Le jeune réalisateur norvégien Halfdan Ullman Tøndel, petit-fils du mythique Ingmar Bergman et de l’iconique Liv Ullmann, fait une entrée fracassante dans le monde du cinéma avec La Convocation. Ce premier long-métrage, initialement présenté sous le titre Armand lors de sa sélection à Cannes où il a remporté la Caméra d’Or (meilleur 1er film), est un thriller oppressant qui ausculte la fragilité des certitudes et la puissance des non-dits.

Lorsqu’un incident se produit à l’école, les parents des jeunes Armand et Jon sont convoqués par la direction, mais tout le monde a du mal à expliquer ce qu’il s’est réellement passé. Les récits des enfants s’opposent, les points de vue s’affrontent, jusqu’à faire trembler les certitudes des adultes.

Dans une école cossue mais décrépite, dont l’architecture même semble raconter un passé trouble, l’histoire se resserre autour d’une réunion de parents d’élèves convoqués à la suite d’une accusation grave : Armand, un garçon de six ans, aurait commis un acte inqualifiable sur un camarade. Sa mère, incarnée par l’extraordinaire Renate Reinsve, se retrouve confrontée à une situation aussi intenable qu’angoissante, alors que les versions s’opposent et que la vérité semble insaisissable.

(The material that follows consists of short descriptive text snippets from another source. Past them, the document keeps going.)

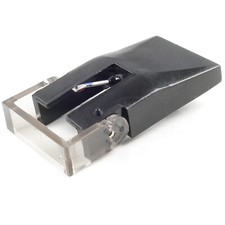 ATN13 Nadel Ersatznadel für Audio Technica AT13EaV AT ATN 13 14 15 20 Ea EaV Ea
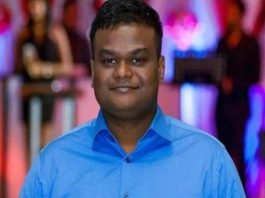 कनाडा के टोरंटो शहर में कर्नाटक के आईटी पेशेवर की गोली मारकर हत्या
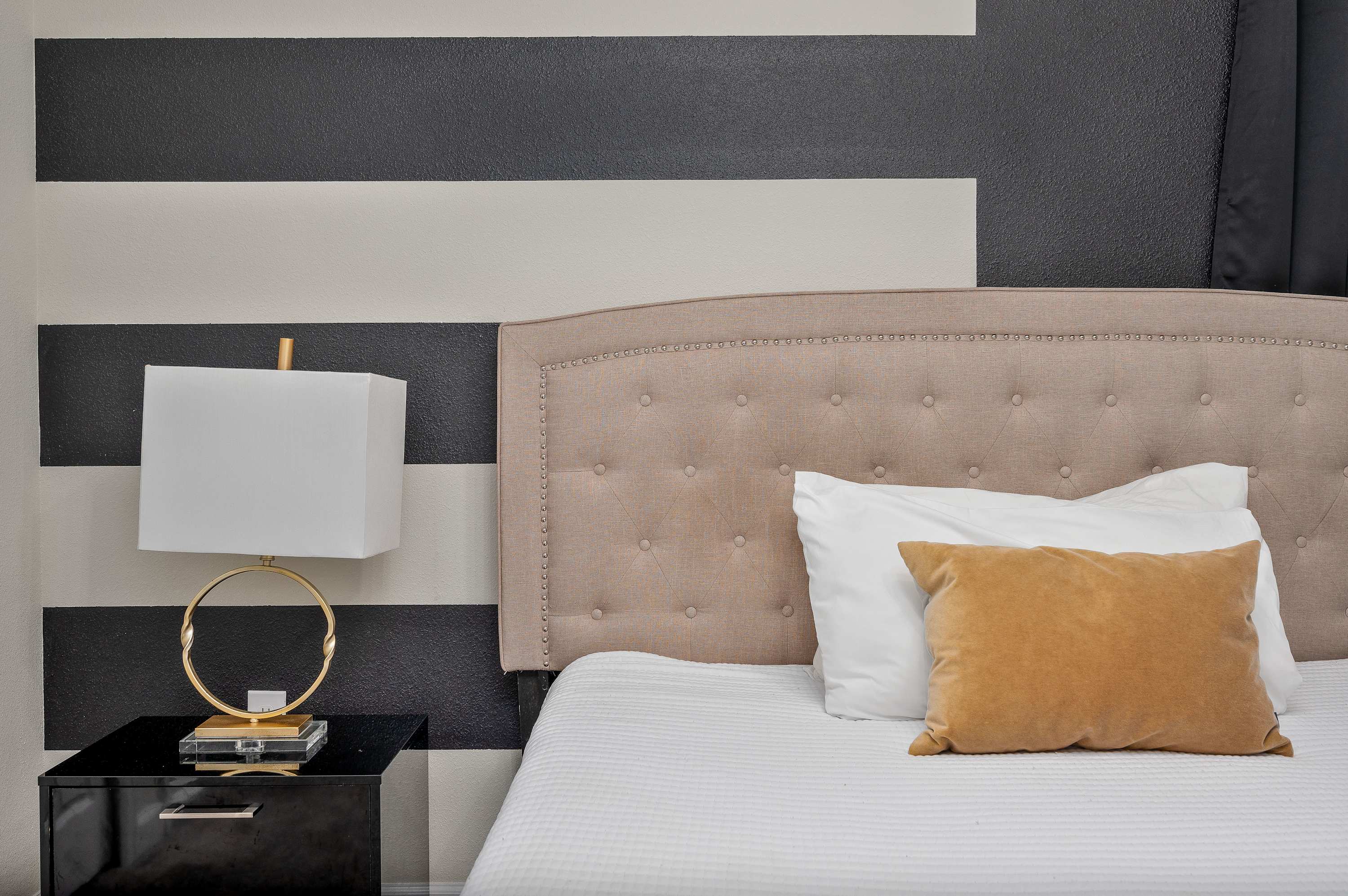 Family villa w/pool, hot tub & water park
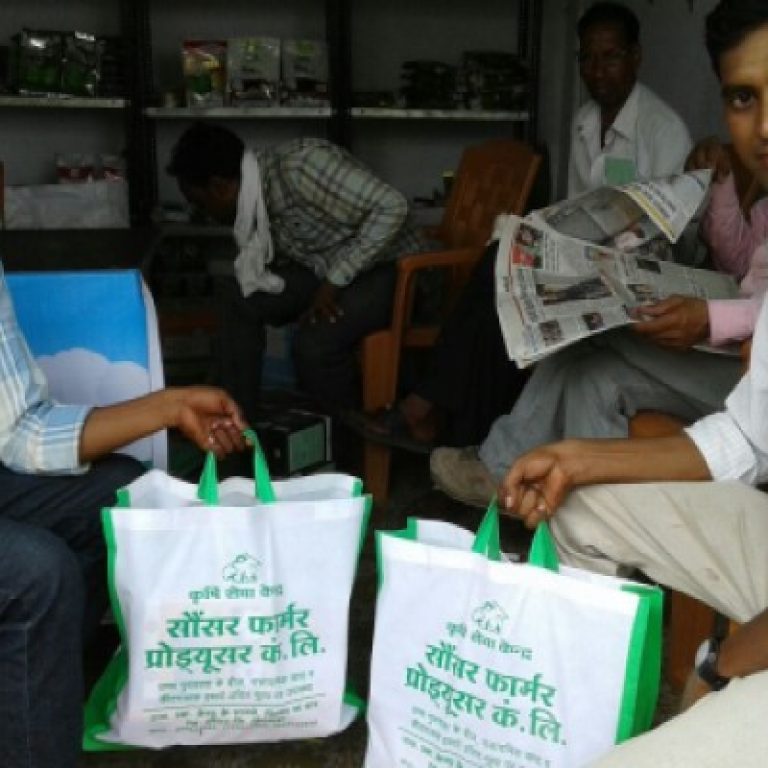 Livelihood-Program-1-2-1-1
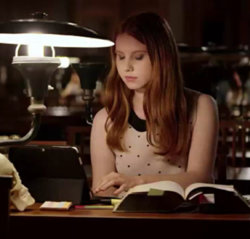 81D9A199-22D9-4413-8CE5-981538289D17.jpeg 81D9A199-22D9-4413-8CE5-981538289D17.jpeg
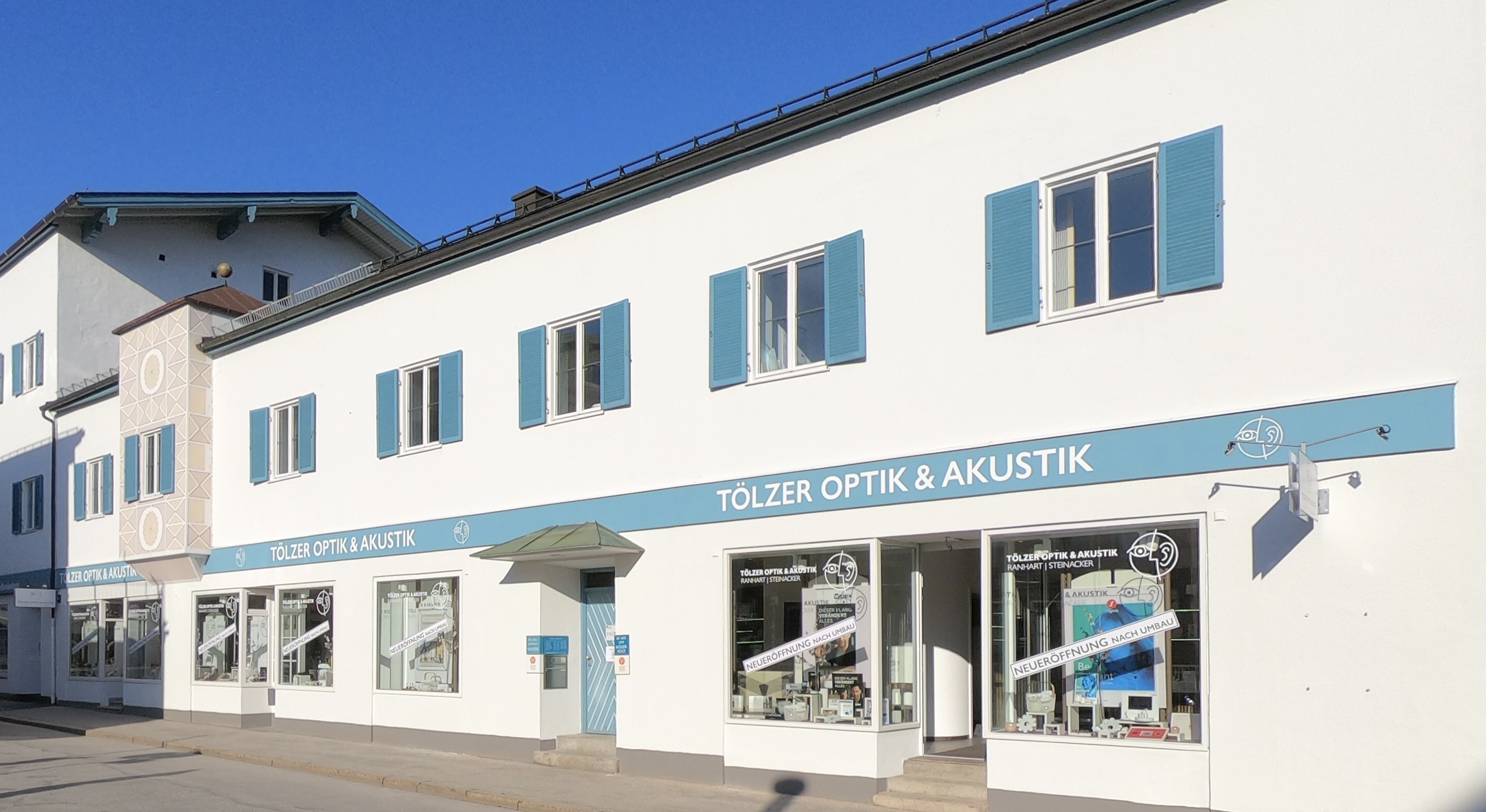 Galerie-Thumbnail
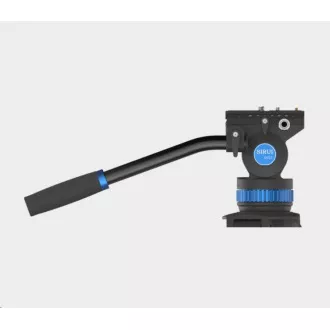 Sirui SH-25 Video stativ Sirui SH-25 Video stativ
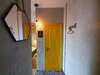 hotel_img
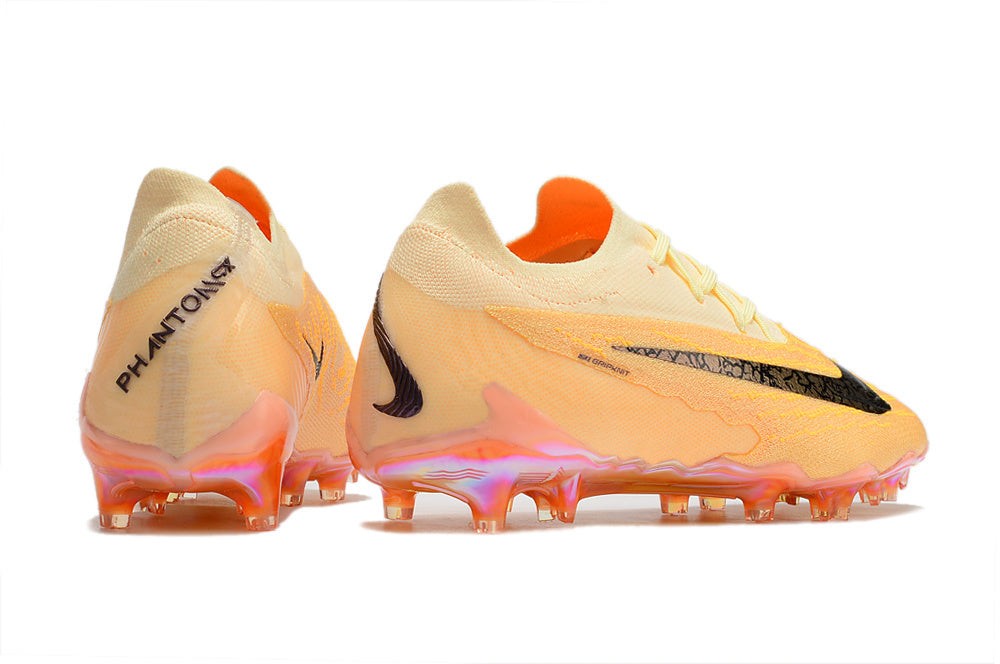 Chuteira Campo Nike Phantom GX Elite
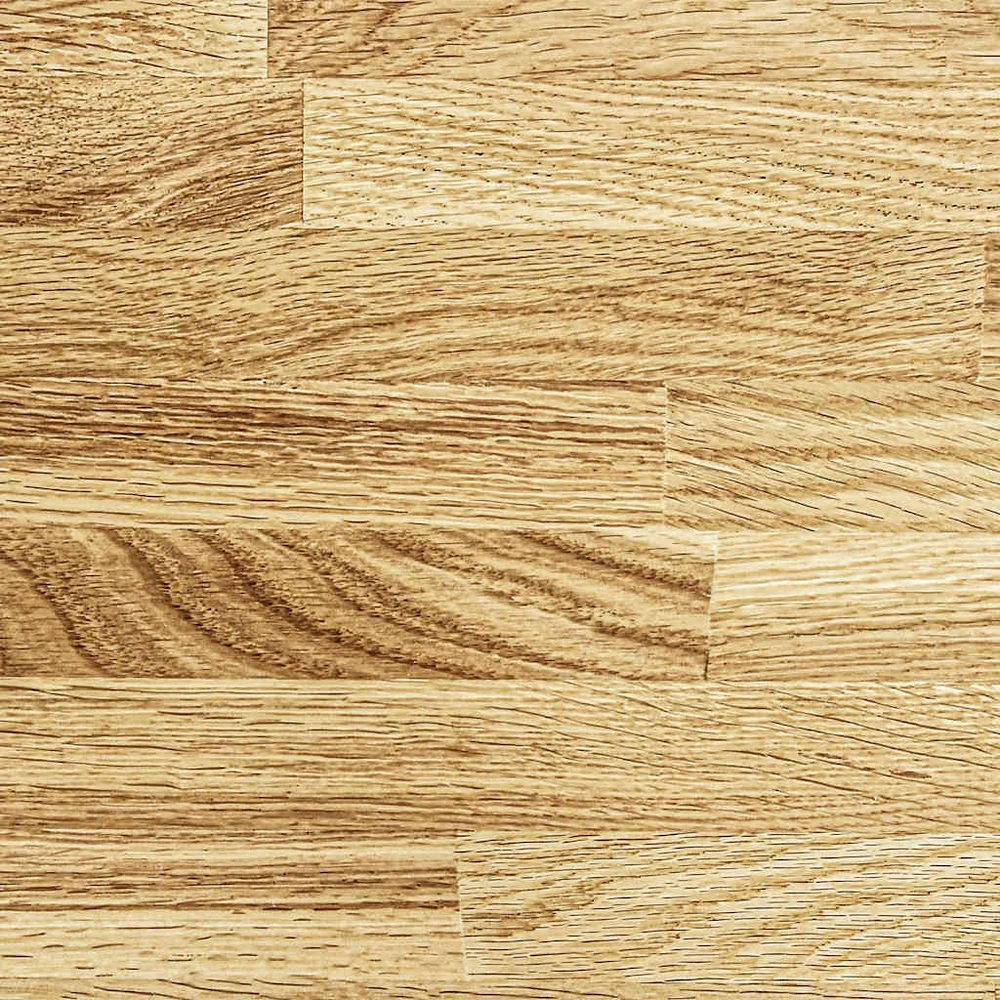 lovos rėmas su galvūgaliu be čiužinio 120x200 cm ąžuolo masyvo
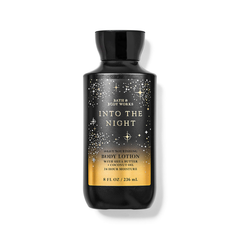 B&BW(*)_Sữa Dưỡng Thể Into The Night 236ml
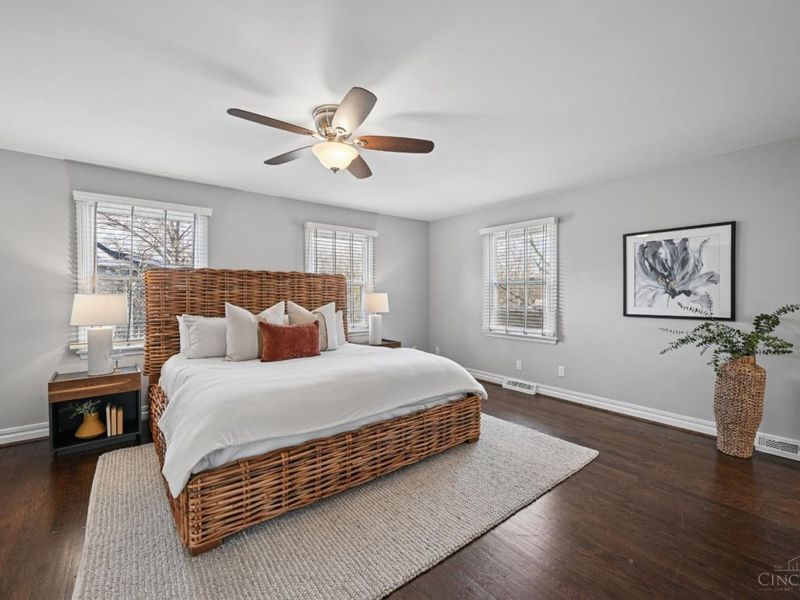 1005 Richwood Circle, Cincinnati, OH 45208 Photo 23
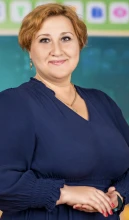 Сиделки выходного дня - Жилова Элла Валерьевна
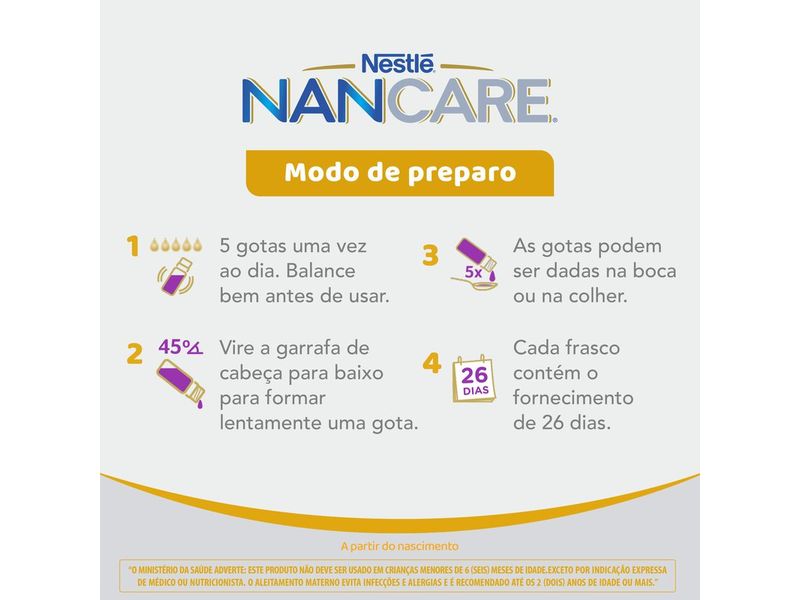 Suplemento-Alimentar-Pediatrico-Nancare-Nestle-Vitamina-D-5ml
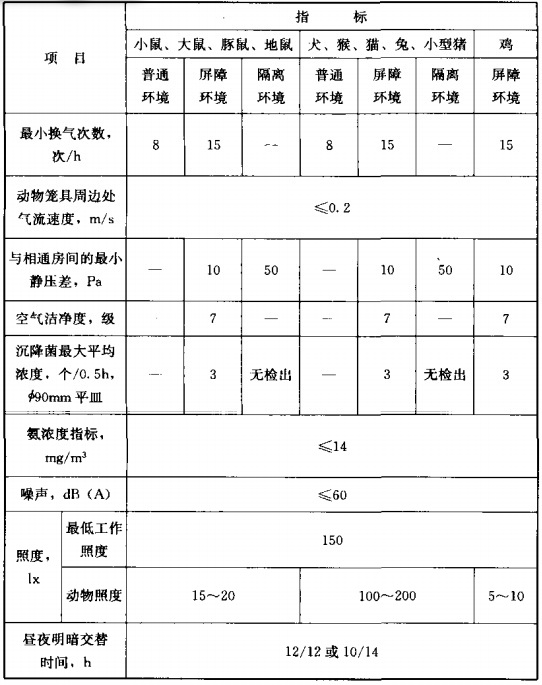 表2-1.jpg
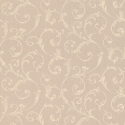 088877 Textil wallpaper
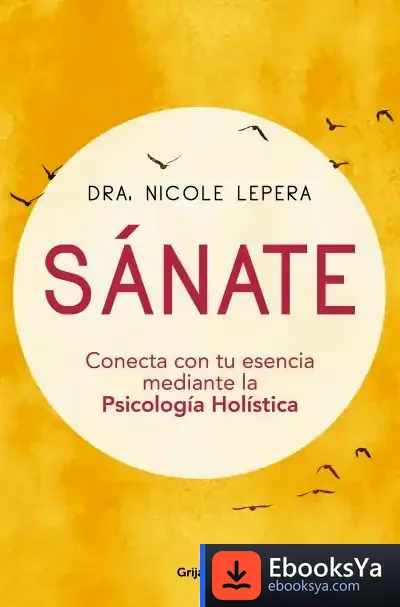 Descargar Sanate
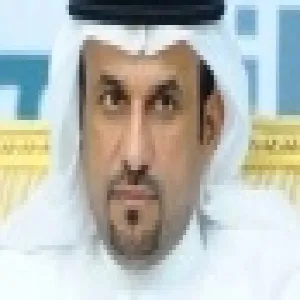 الكلية تتلقى شكر من معالي مدير الجامعة
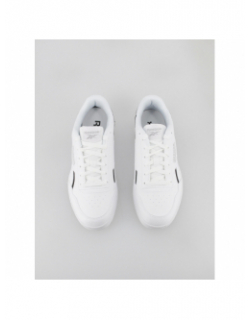 Baskets court advance vegan blanc - Reebok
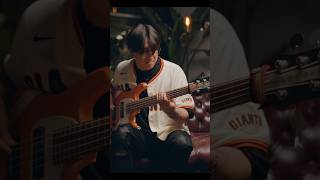 Anomalie 노래에 쎄렉커스텀베이스로 잼하기 🎸 [upl. by Asereht145]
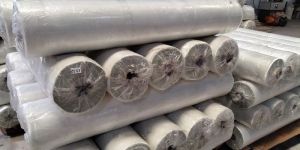 360 GSM Woven Roving Roll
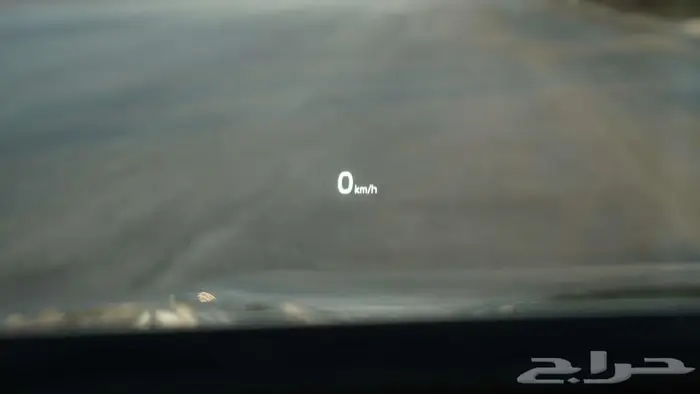 كيا K7 2020 وارد كوريا 18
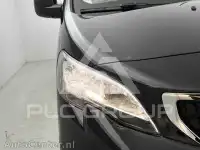 2023 Peugeot Expert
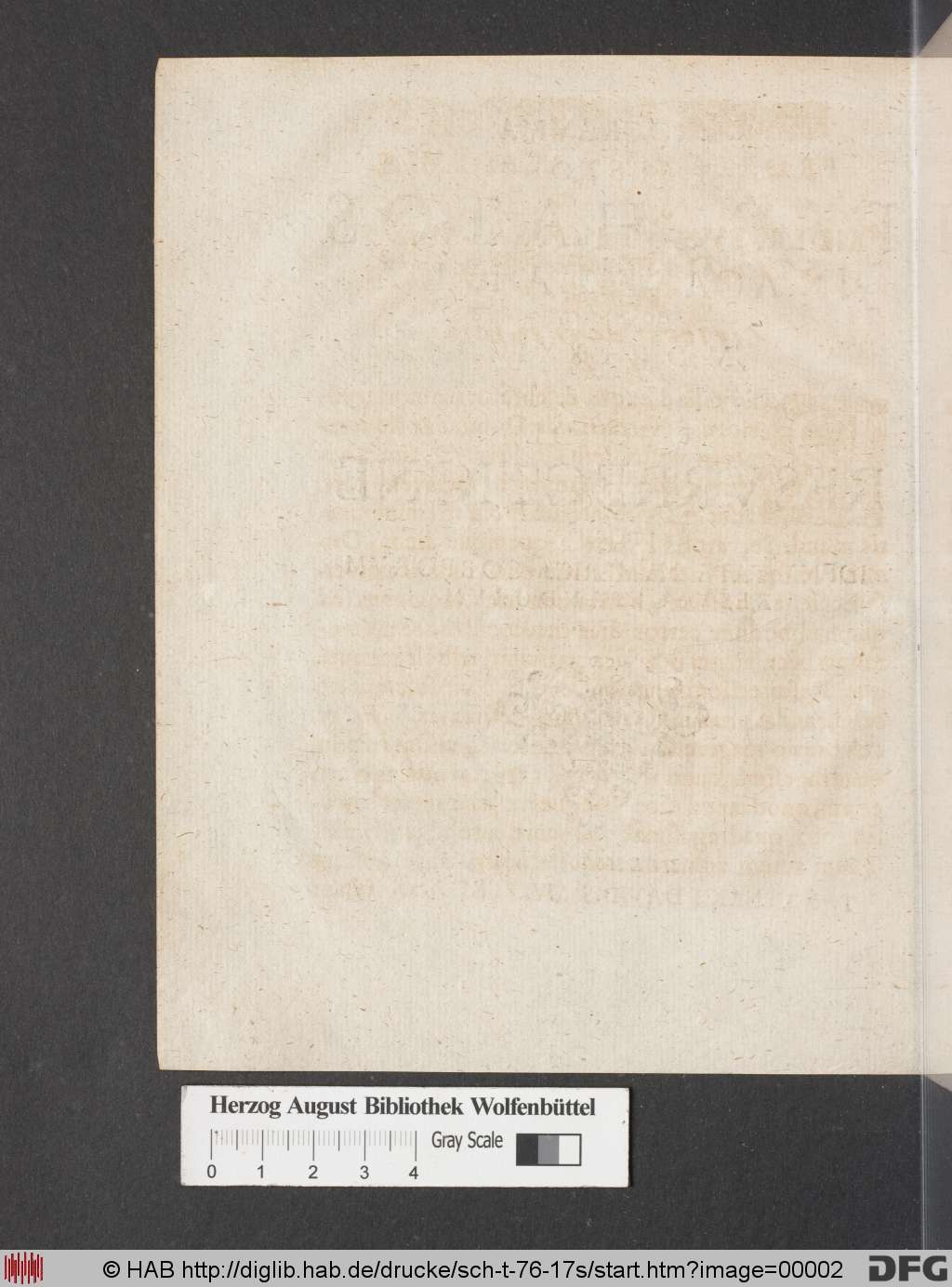http://diglib.hab.de/drucke/sch-t-76-17s/00002.jpg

Un huis clos haletant et anxiogène

Dès les premières minutes, la mise en scène de Tøndel impose un climat d’oppression. La photographie granuleuse du 16mm et le travail sonore millimétré transforment les moindres bruissements en détonateurs d’angoisse. À l’image d’un puzzle qui se construit lentement, le film révèle ses indices au compte-gouttes, laissant le spectateur s’enfoncer dans une incertitude croissante.

Si la narration joue avec nos attentes, c’est avant tout grâce à la précision chirurgicale du réalisateur, qui évite tout manichéisme pour préférer une exploration subtile de la psyché humaine. Les personnages, tous plus complexes les uns que les autres, incarnent les doutes et les peurs d’une société où l’image de l’innocence et de la culpabilité vacille au gré des perceptions subjectives.

Une performance magistrale de Renate Reinsve

Dans le rôle de cette mère désemparée, Renate Reinsve livre une prestation fascinante, oscillant entre fragilité et détermination. Déjà récompensée du prix d’interprétation féminine à Cannes en 2021 pour Julie (en 12 chapitres), son personnage, Elisabeth, porte ici le poids d’une vérité insaisissable et d’une société prompte à juger. Une scène en particulier, où elle éclate d’un rire nerveux et incontrôlable face à l’absurdité de la situation, devient un moment de bravoure qui illustre à merveille la tension psychologique du film.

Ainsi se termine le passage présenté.